Prove that A= { (x,1/x) ; x>0 } is closed: trying to show closure(A) is subset of A

[pisrationalhahaha]

Prove that A= { (x,1/x) ; x>0 } is closed: trying to show closure(A) is subset of A

Prove that A= { (x,1/x) ; x>0 } is closed

I was trying to prove that $\displaystyle Cl(A)\subseteq A$

So if I take $\displaystyle (a,b)\in Cl(A)\Rightarrow B((a,b),r)\cap A\neq \phi$ for any r>0
Then I should prove that this couple belongs to A
Well here is the problem, I don't know how to continue

 

[pka]

I was trying to prove that $\displaystyle Cl(A)\subseteq A$
So if I take $\displaystyle (a,b)\in Cl(A)\Rightarrow B((a,b),r)\cap A\neq \phi$ for any r>0
Then I should prove that this couple belongs to A
Well here is the problem, I don't know how to continue

Lets use $\displaystyle \overline{A\;}$ as the closure of $\displaystyle A$. It actually easier to show the the completement $\displaystyle {A}^c$ is open.
If you are allowed to do that, note that if $\displaystyle P: (p,q)\notin A$ then show the distance $\displaystyle \mathscr{D}(P,A)>0$
If not allowed, please tell us.

 

[pisrationalhahaha]

Lets use $\displaystyle \overline{A\;}$ as the closure of $\displaystyle A$. It actually easier to show the the completement $\displaystyle \overline{A\;}^c$ is open.
If you are allowed to do that, note that if $\displaystyle P: (p,q)\notin A$ then show the distance $\displaystyle \mathscr{D}(P,A)>0$
If not allowed, please tell us.

No not allowed
I don't even know such information yet

 

[pka]

No not allowed. I don't even know such information yet

What a strange response? What kind of course are you taking?
In any course in which the concept of a closed set comes up then so does the idea of an open set.
Moreover, it is well known that the complement of an open set is a closed set & visa-versa.

 

[pisrationalhahaha]

What a strange response?
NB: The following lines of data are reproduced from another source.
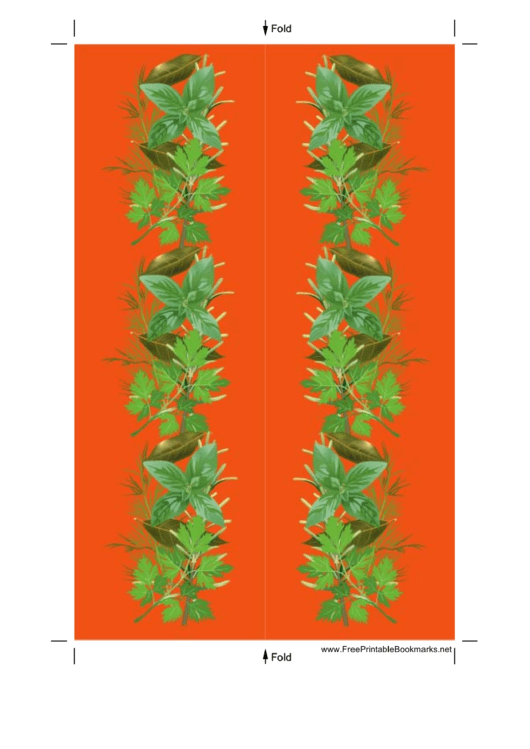 Orange Herbs Bookmark Printable pdf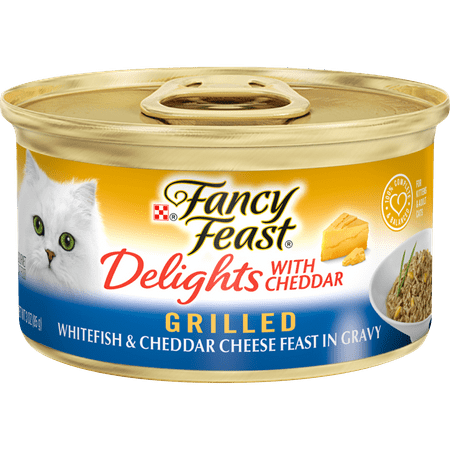 Fancy Feast Gravy Wet Cat Food, Delights Grilled Whitefish & Cheddar Cheese, Turkey and Cheddar Feast in Gravy, 3 oz. Can 14/Pk.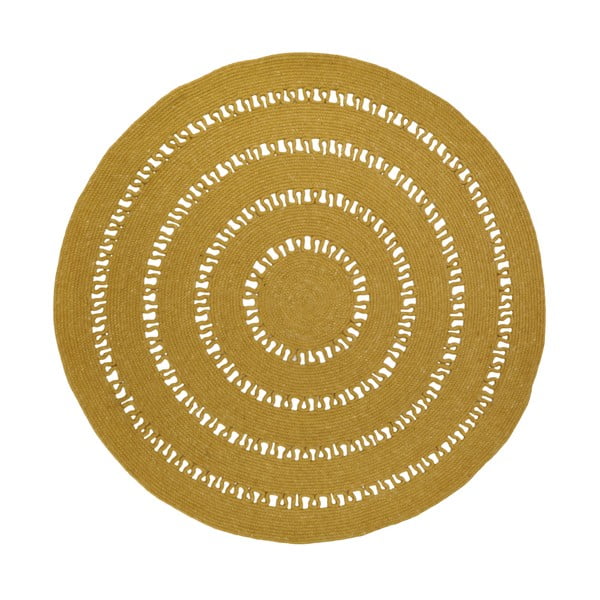 Sinepju dzeltens ar rokām darināts paklājs no vilnas un kokvilnas Nattiot Bibek, ø 110 cm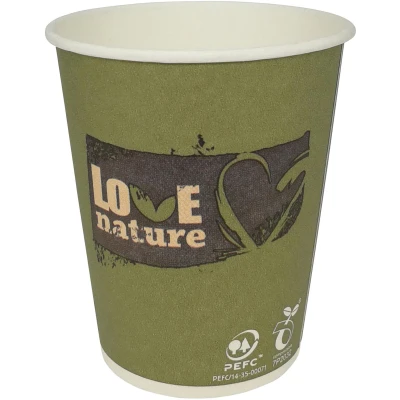 Afbeelding van drinkbeker Love Nature, uit karton, 150ml, pak van 100 stuks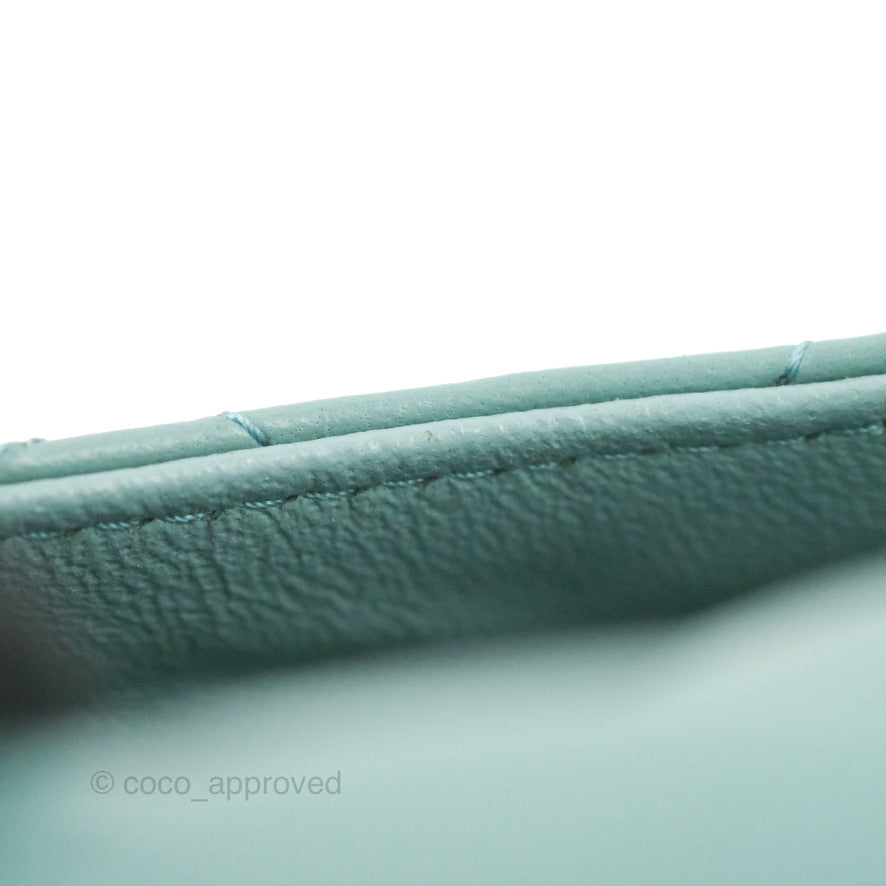 Chanel Mini Square Teal Green Lambskin Gold Hardware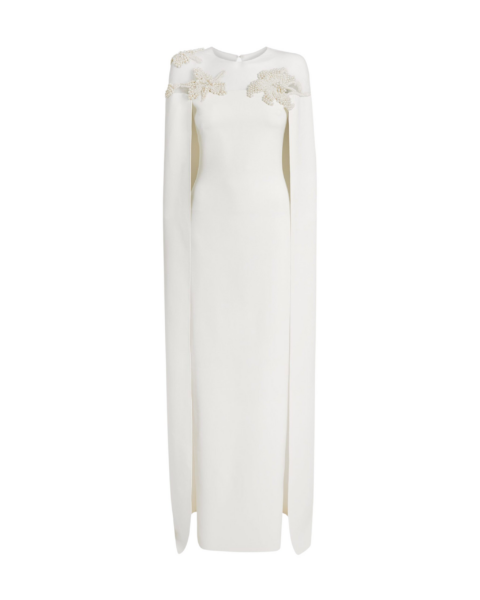 Safiyaa Ambere Long Dress in Ivory with Pearl Embroidery - Safiyaa Dresses - Heavy Crepe Cape Gown - Shop at Luxury Shoes 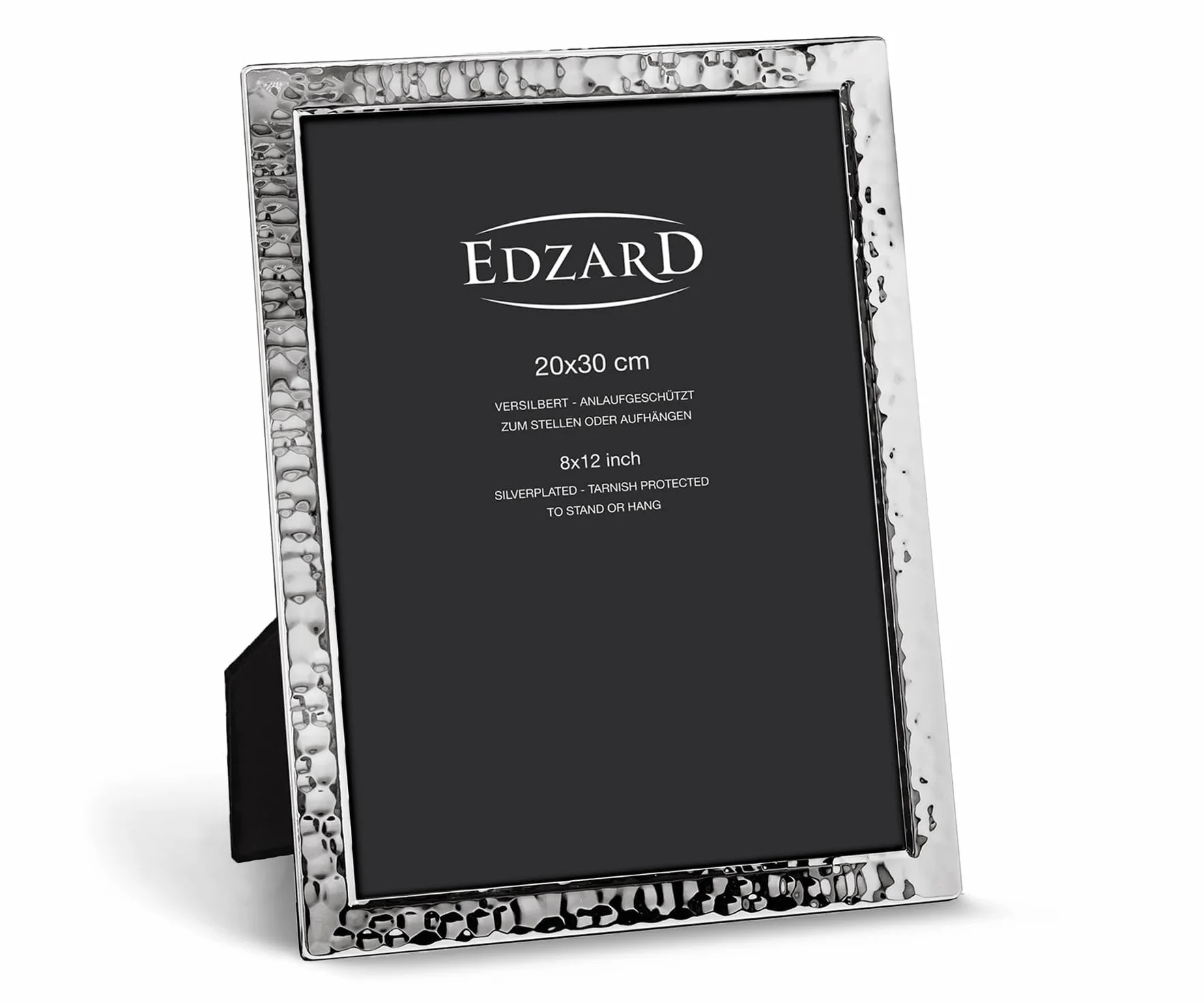 Edzard Cornice Pavia per foto DIN A4 (21 x 29,7 cm), argentata, antiossidante, retro in velluto, con 2 ganci - Portafoto da appoggiare o appendere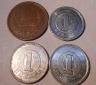 M.4.Japan, 4er Lot, 1 Yen 1982+1985+1992 sowie 10 Yen 1979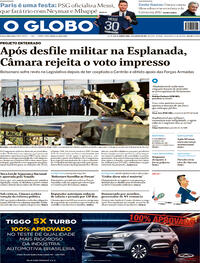 Capa do jornal O Globo 11/08/2021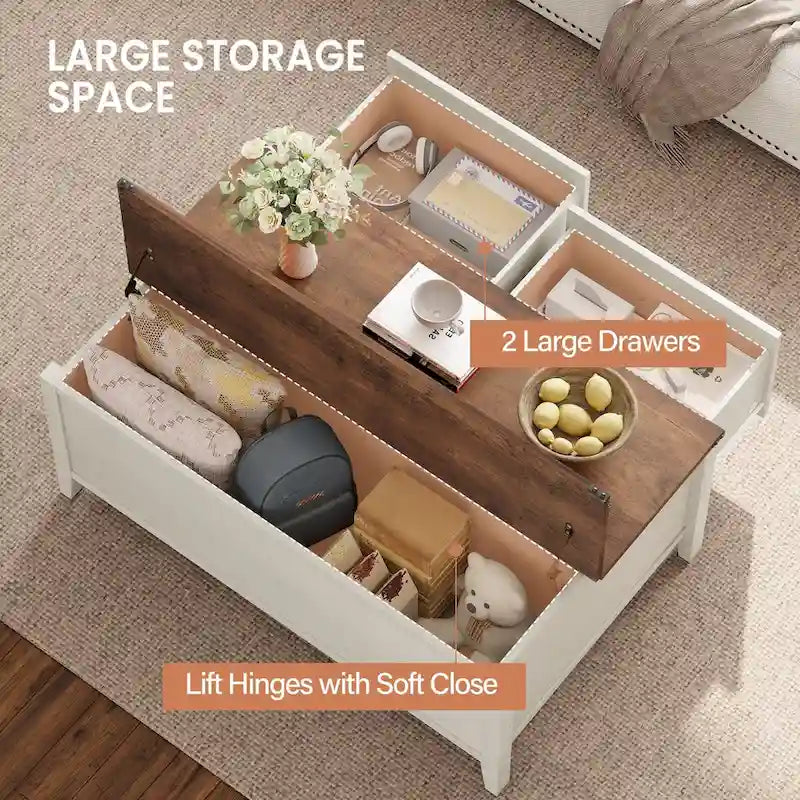 Table basse grain de bois marron/noir avec rangement dissimulé à plateau relevable et 2 tiroirs – Usage unique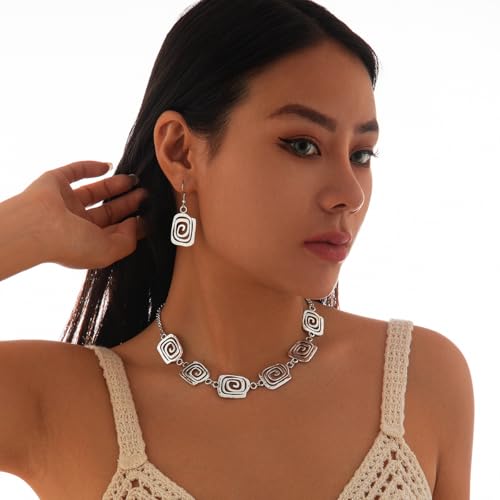 Gold Jewelry Set Chunky Gold Necklace Earring Set for Women Boho Oval Acrylic Earring Necklace Western Adjustable Choker Necklaces Bohemian Jewelry Set For Women - color: Silver Rose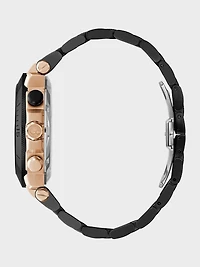 Gc Black and Rose Gold-Tone Chronograph Watch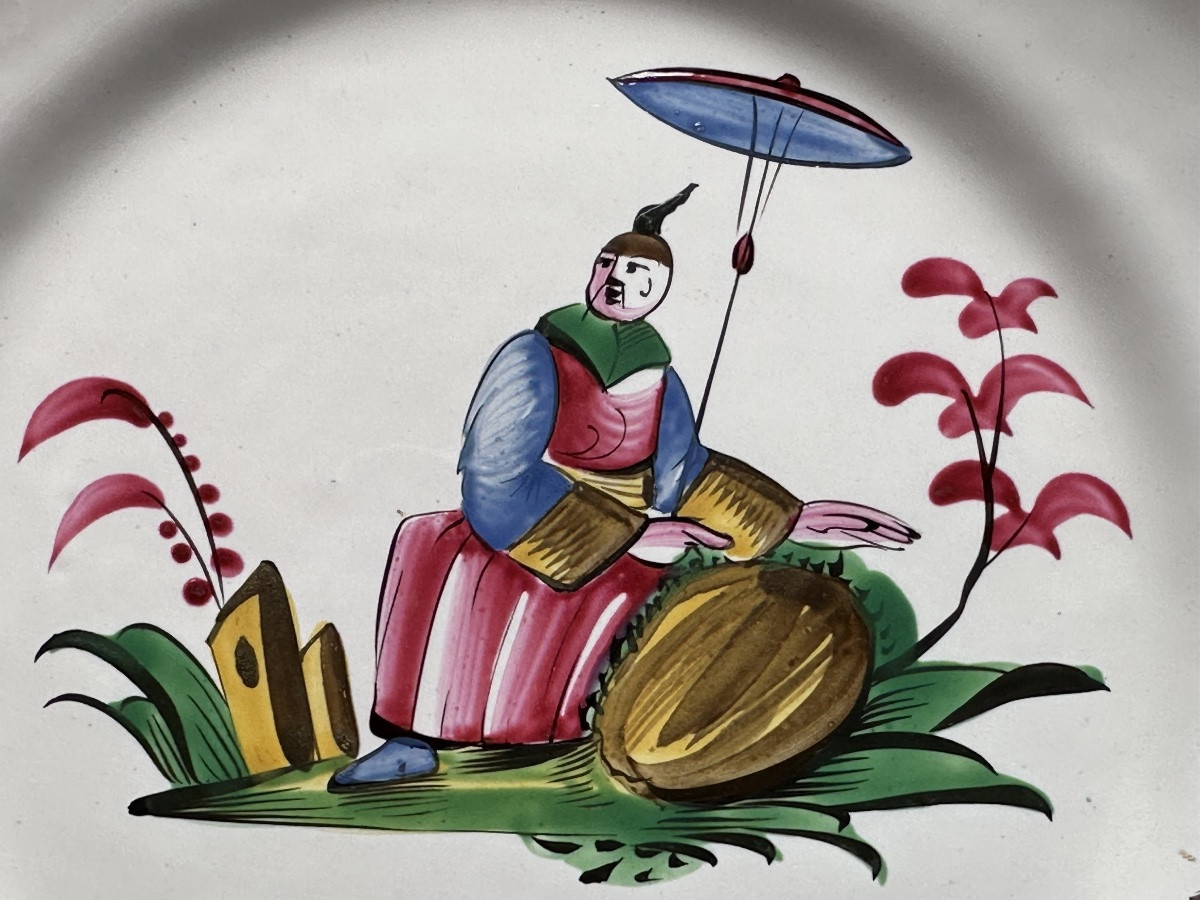 Earthenware Plate Decorated With Chinese Portrait And Parasol Les Islettes 18th Century-photo-2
What kind of course are you taking?
In any course in which the concept of a closed set comes up then so does the idea of an open set.
Moreover, it is well known that the complement of an open set is a closed set & visa-versa.

No I know this
But what you've said about the distance was unfamiliar

 

[pisrationalhahaha]

Okay I'll try to prove that the complement of A is open
So there would be two cases to consider
Case 1: y>1/x
Case 2: y<1/x (for any x>0)
If y>1/x:
Let $\displaystyle \forall (x,y)\in A^{c}$
B((x,y),r) for some r>0 be given
If $\displaystyle (a,b)\in B((x,y),r)$
then
$\displaystyle (x-a)^2+(y-b)^2< r^2$
Knowing that $\displaystyle (y-b)^2<(x-a)^2+(y-b)^2$.
then $\displaystyle (y-b)^2<r^2$ $\displaystyle \Leftrightarrow -r<y-b<r$
So now we have y-r<b<r+y
So if we choose r=y-1/x then we get that b>1/x, therefore (a,b) belongs to the complement of A
Is what I am doing right ?